I know this came up in another thread and I commented on trying to see if a Thompson clamp portion would fit. Initially, upon my holding the Thompson lower piece up to the KCNC post it looked too large to fit on the post. Well today I took them both apart and gave it a shot. The lower portion (cradle) is every so slightly too large. But this is nothing that can't be solved with a light hit with a dremill. I went ahead and bolted it up and it looks like the cradle is about 1mm shy of bottoming out into the seatpost as it should. 

So, the reason I am posting this is that the one down side I have seen with the KCNC post is that you can't and probably should not run it with a carbon railed saddle. But knowing that the fit is so close and can be modded then you can now pick up the carbon replacement portions or at least the lower cradle portion and slap it on the KCNC and then run a full carbon saddle!!!! +1 for KCNC!!!


----------



## 1SPD (Apr 25, 2010)

Here is a link for the upper/lower carbon cradles you can buy that will fit once you trim down the post slightly. In any case, I will more than likely give this a shot but plan on going for a ride with it set up as is tomorrow and see how it all works with the stock Thompson lower cradle. Not sure if you will even need the upper at this point I am going to ride with the stock KCNC hardware and upper clamps.

http://smud-carbon.eu/thomson_lower.html. 
http://smud-carbon.eu/thomson_upper.html


----------



## customfab (Jun 8, 2008)

I've got Ti skewers on my road bike (which are not a good idea for disc brake use) and they have been fine. I also have a set of the road brakes that I was given and thought I would give them a shot. I will say that I've been impressed, I like to be able to stop fast and usually shy away from lightweight brakes because of that.
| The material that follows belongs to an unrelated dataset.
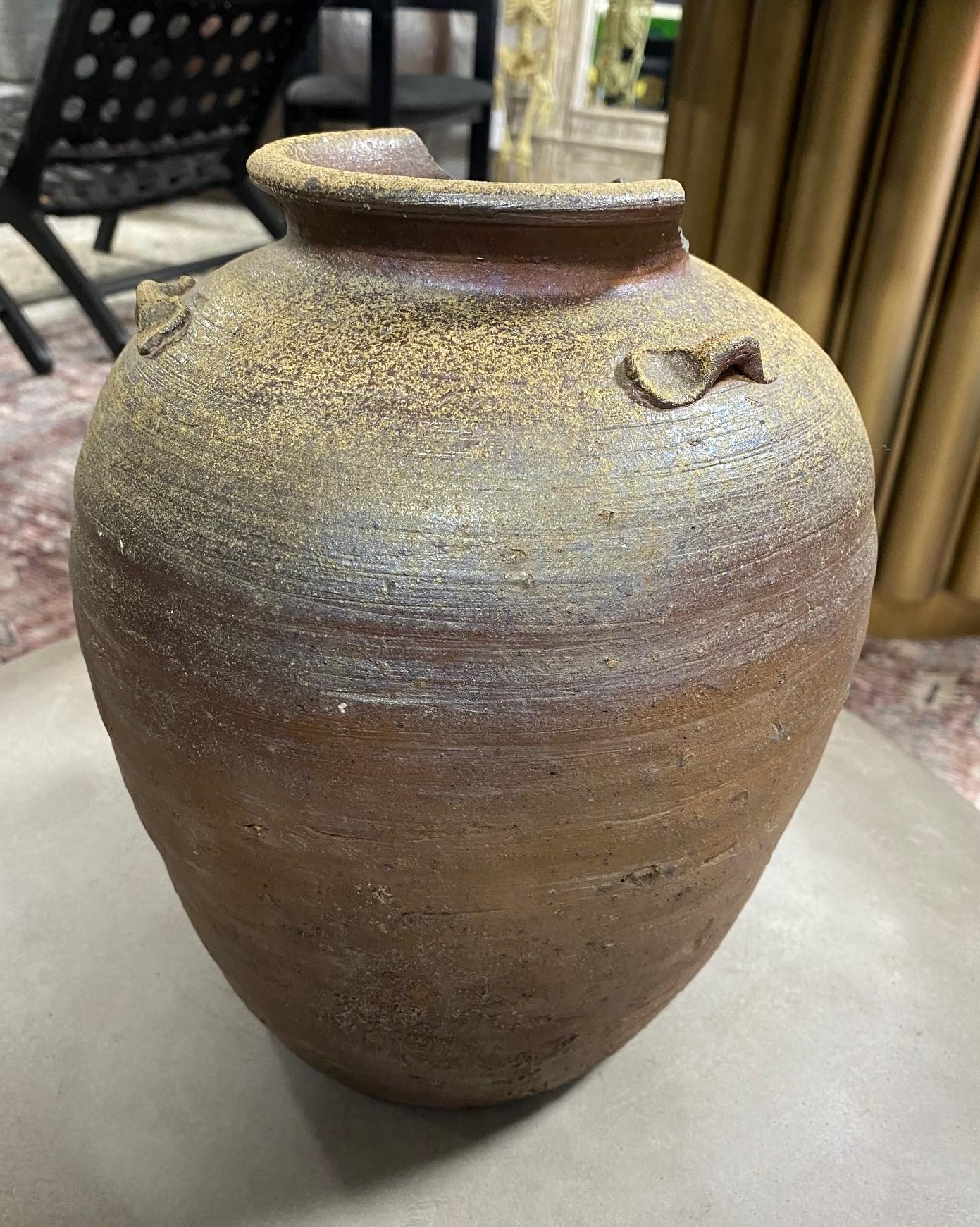 Japanese Antique Momoyama Edo Bizen Ware Pottery Wabi-Sabi Art Tsubo Jar Vase For Sale 3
I'd say the performance of the brakes is on par with the Chorus brakes they replaced.


----------



## Onie (Sep 15, 2005)

With my newly built Trail/ AM rig, I've gotten a few of KCNC stuff: SC Bone scandium flatbar, its Titanium Mountain Skewers, EVA Foam Grips! I should have gone with their stems as well but Extralite's was too tempting to pass it up!!! Good stuff, indeed! Fits my budget & application! Just like one said here,_* Light, reliable, and cheap. A rare combination*_. :thumbsup: Second that, mate!

PS> just left all the cabon eye-candies with my XC bike instead...


----------



## shapirus (Jun 28, 2009)

Any long term report on Fly Ride stem? Actual weight info?

Considering it for AM usage.


----------



## Woz (Jan 11, 2006)

We've not seen a single problem with the Fly Ride stems and personally I think they're a great choice given the weight and price. 

I just put a 9cm 31.8 version on the scale and it was 116.1 grams.


----------



## spunkmtb (Jun 22, 2009)

I have been on a KCNC stem for years. Very beautiful. I think it's 94 grams in 90mm. Never had a problem with it. Also use their skewers & Bar ends.


----------